• **Assignment**
Output the listing word for word, minus images.
Exercise materials below:
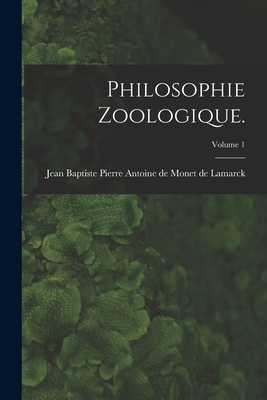 Bild des Verkufers fr Philosophie Zoologique.; Volume 1 (Paperback or Softback) zum Verkauf von BargainBookStores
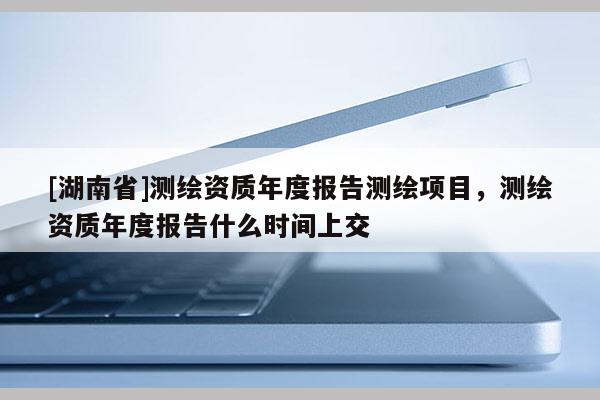 [湖南省]測繪資質(zhì)年度報(bào)告測繪項(xiàng)目，測繪資質(zhì)年度報(bào)告什么時(shí)間上交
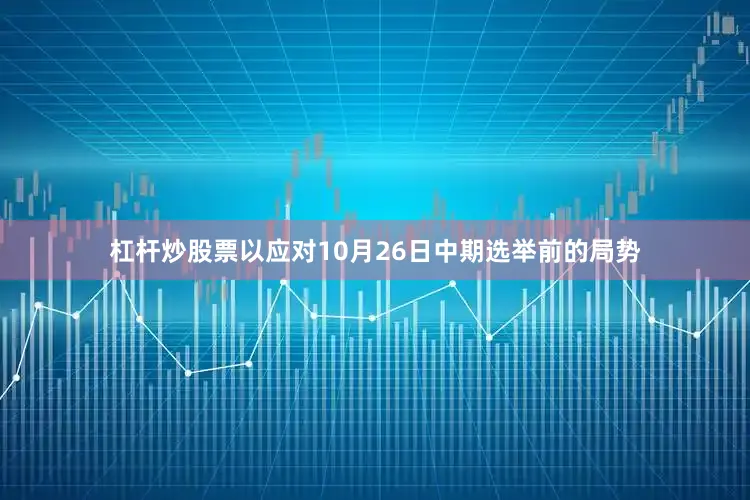 杠杆炒股票以应对10月26日中期选举前的局势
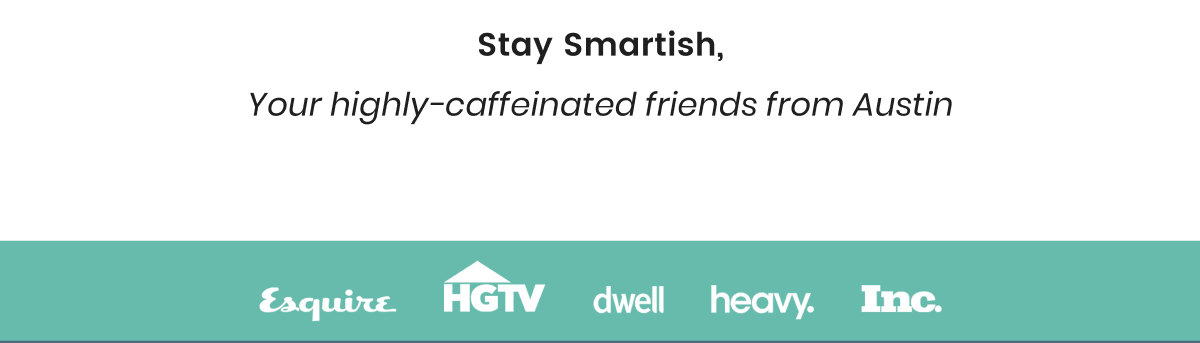 Stay Smartish,  –Your highly-caffeinated friends from Austin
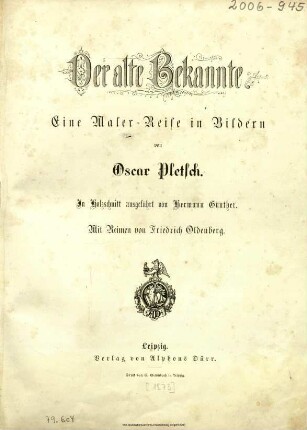 Der alte Bekannte : eine Maler-Reise in Bildern / von Oscar Pletsch. In Holzschnit ausgeführt von Hermann Günther. Mit Reimen von Friedrich Oldenberg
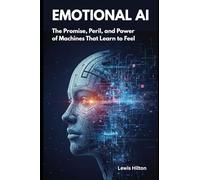 Emotional AI: The Promise, Peril, and Power of Machines That Learn to Feel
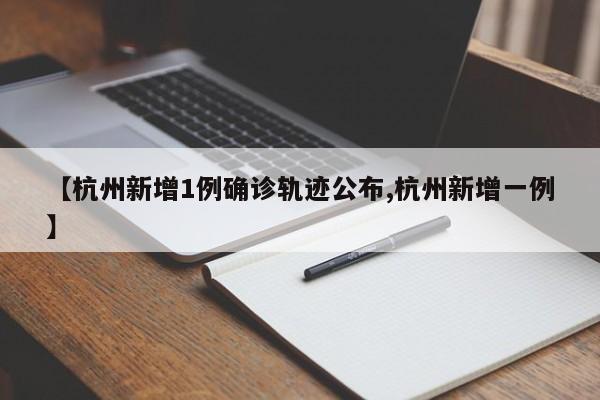 【杭州新增1例确诊轨迹公布,杭州新增一例】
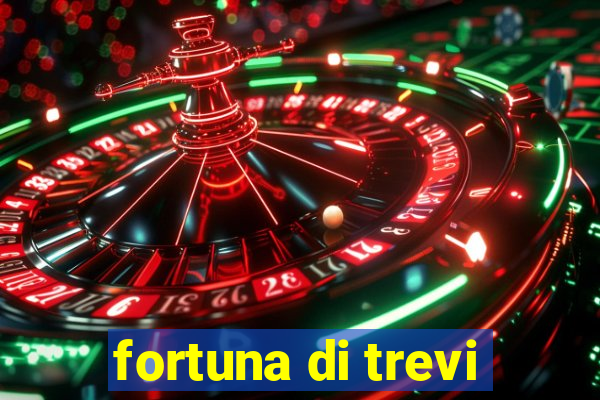 fortuna di trevi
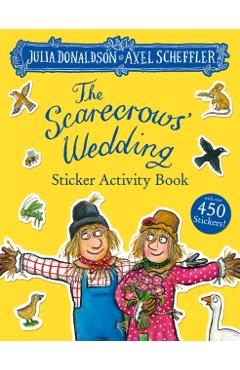 Coperta cărții 'Scarecrows' Wedding Sticker Book - Julia Donaldson'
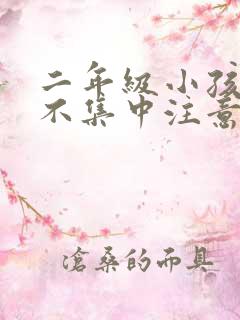 二年级小孩上课不集中注意力怎么训练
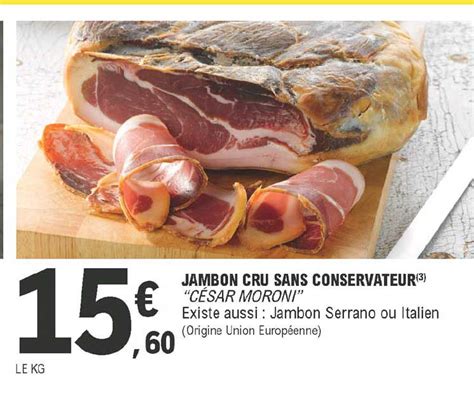 Promo Jambon Cru Sans Conservateur césar Moroni chez E Leclerc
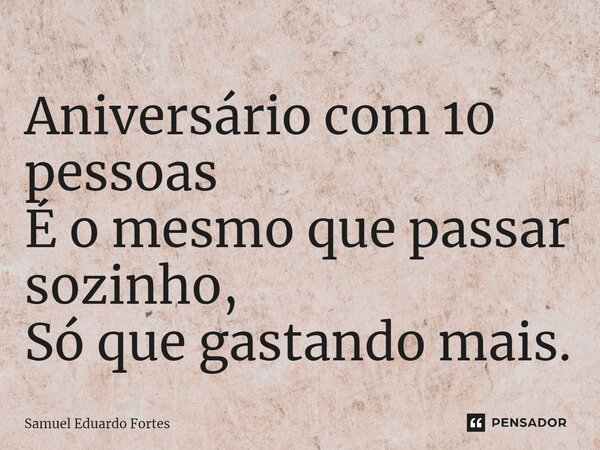 ⁠Aniversário com 10 pessoas É o mesmo que passar sozinho, Só que gastando mais.... Frase de Samuel Eduardo Fortes.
End of Exercise materials.
• **Reply**
 Bild des Verkufers fr Philosophie Zoologique.; Volume 1 (Paperback or Softback) zum Verkauf von BargainBookStores
 [湖南省]測繪資質(zhì)年度報(bào)告測繪項(xiàng)目，測繪資質(zhì)年度報(bào)告什么時(shí)間上交
 杠杆炒股票以应对10月26日中期选举前的局势
 Stay Smartish,  –Your highly-caffeinated friends from Austin
 Der alte Bekannte : eine Maler-Reise in Bildern / von Oscar Pletsch. In Holzschnit ausgeführt von Hermann Günther. Mit Reimen von Friedrich Oldenberg
 Emotional AI: The Promise, Peril, and Power of Machines That Learn to Feel
 【杭州新增1例确诊轨迹公布,杭州新增一例】
 fortuna di trevi
 Coperta cărții 'Scarecrows' Wedding Sticker Book - Julia Donaldson'
 二年级小孩上课不集中注意力怎么训练
 Promo Jambon Cru Sans Conservateur césar Moroni chez E Leclerc
 ⁠Aniversário com 10 pessoas É o mesmo que passar sozinho, Só que gastando mais.... Frase de Samuel Eduardo Fortes.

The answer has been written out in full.